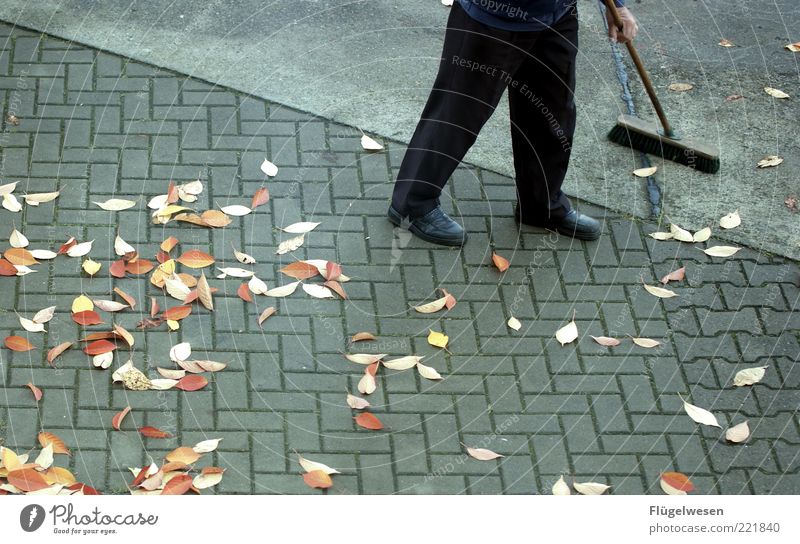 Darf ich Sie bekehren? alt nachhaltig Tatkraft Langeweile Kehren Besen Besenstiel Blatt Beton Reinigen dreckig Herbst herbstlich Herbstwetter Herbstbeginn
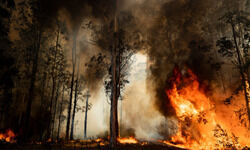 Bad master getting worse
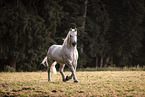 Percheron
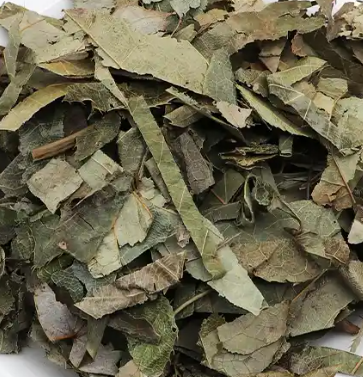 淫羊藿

- [Work item]: Nothing but an exact copy of the data, without pictures, should be returned.

- [Expected output]:
 Darf ich Sie bekehren? alt nachhaltig Tatkraft Langeweile Kehren Besen Besenstiel Blatt Beton Reinigen dreckig Herbst herbstlich Herbstwetter Herbstbeginn
 Bad master getting worse
 Percheron
 淫羊藿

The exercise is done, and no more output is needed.